§ **Instructions to follow**
Give every line of the data again, unchanged, but with no pictures.
** Input data follows **
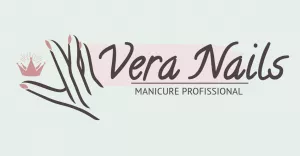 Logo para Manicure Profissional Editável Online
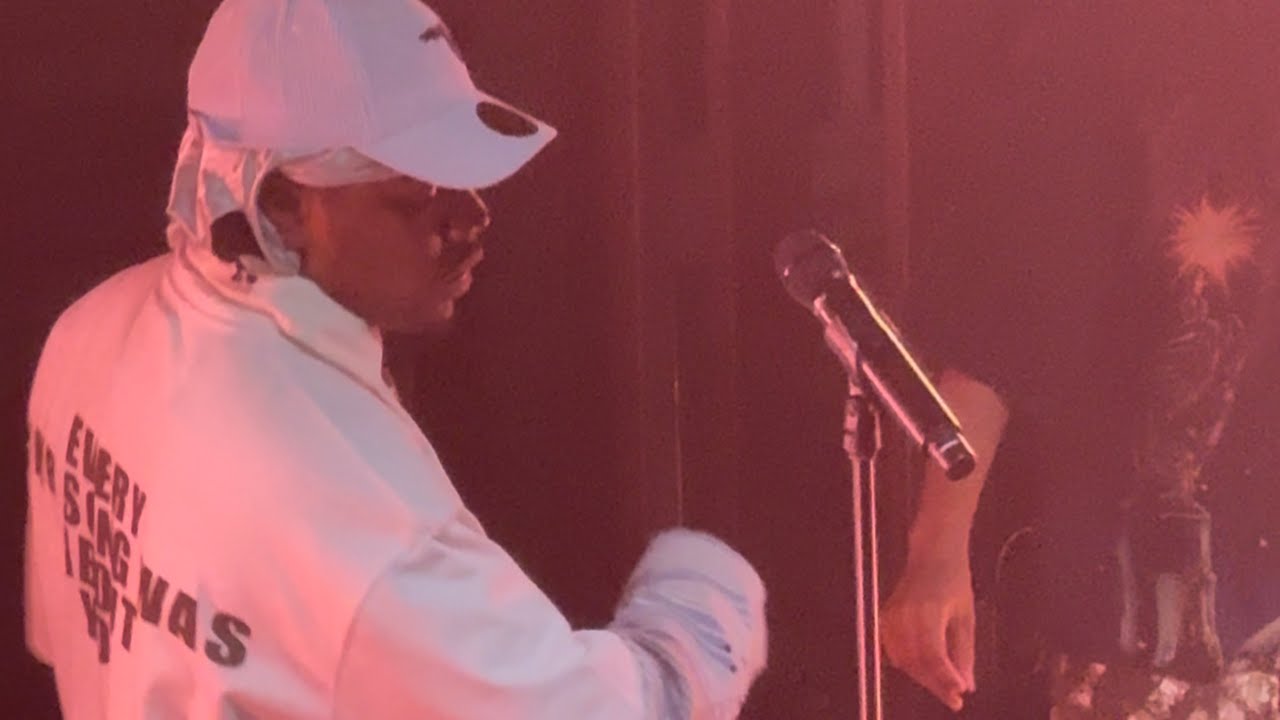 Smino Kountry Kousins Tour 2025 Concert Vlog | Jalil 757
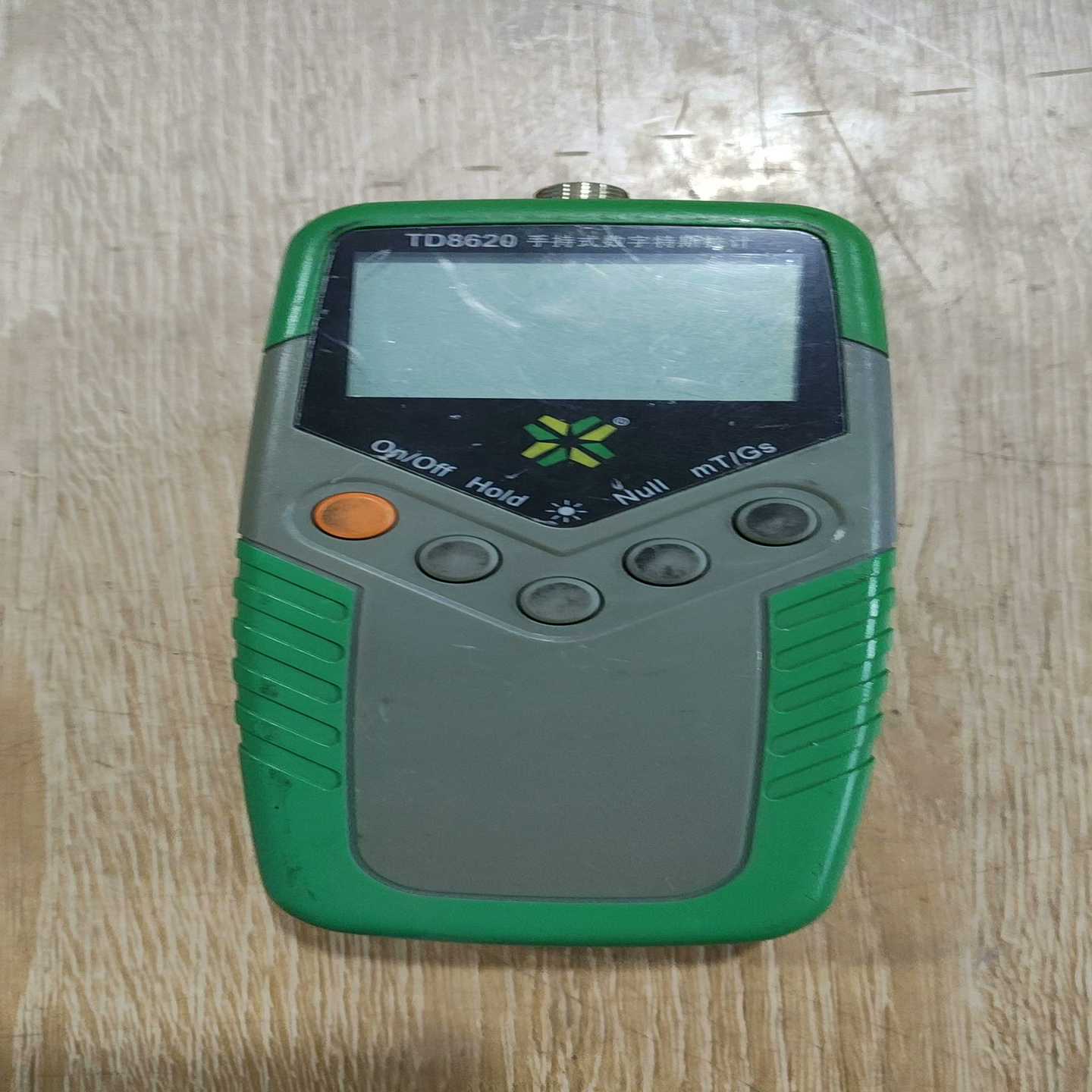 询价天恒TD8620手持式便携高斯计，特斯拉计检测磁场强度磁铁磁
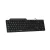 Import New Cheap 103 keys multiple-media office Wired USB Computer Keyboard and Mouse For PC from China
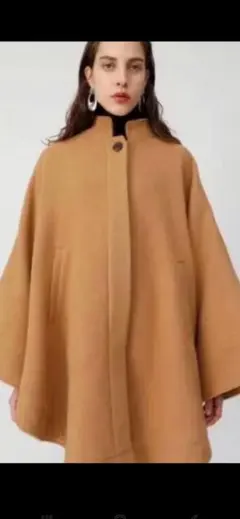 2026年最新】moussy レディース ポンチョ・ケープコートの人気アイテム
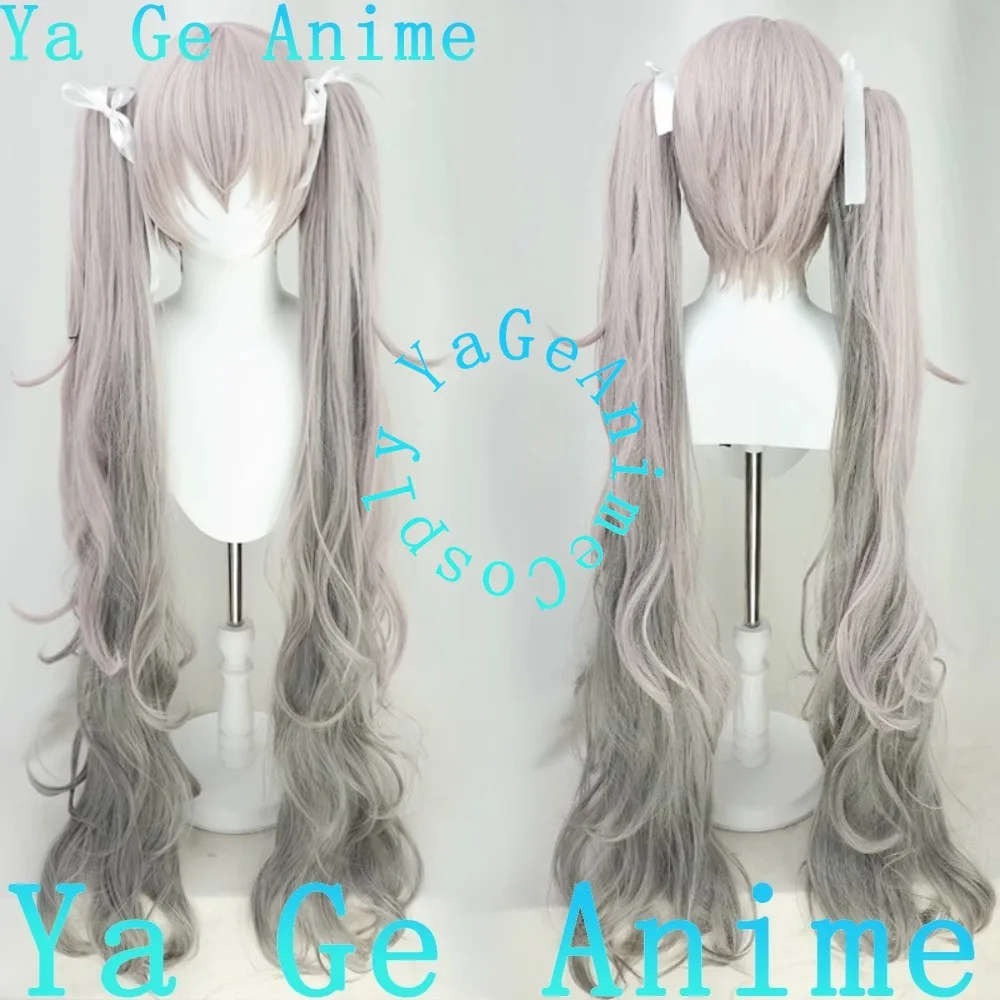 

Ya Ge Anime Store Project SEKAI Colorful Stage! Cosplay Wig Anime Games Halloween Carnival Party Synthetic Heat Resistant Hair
** End of Input data **
§ **Your response**
 Logo para Manicure Profissional Editável Online
 Smino Kountry Kousins Tour 2025 Concert Vlog | Jalil 757
 询价天恒TD8620手持式便携高斯计，特斯拉计检测磁场强度磁铁磁
 Import New Cheap 103 keys multiple-media office Wired USB Computer Keyboard and Mouse For PC from China
 2026年最新】moussy レディース ポンチョ・ケープコートの人気アイテム

Ya Ge Anime Store Project SEKAI Colorful Stage! Cosplay Wig Anime Games Halloween Carnival Party Synthetic Heat Resistant Hair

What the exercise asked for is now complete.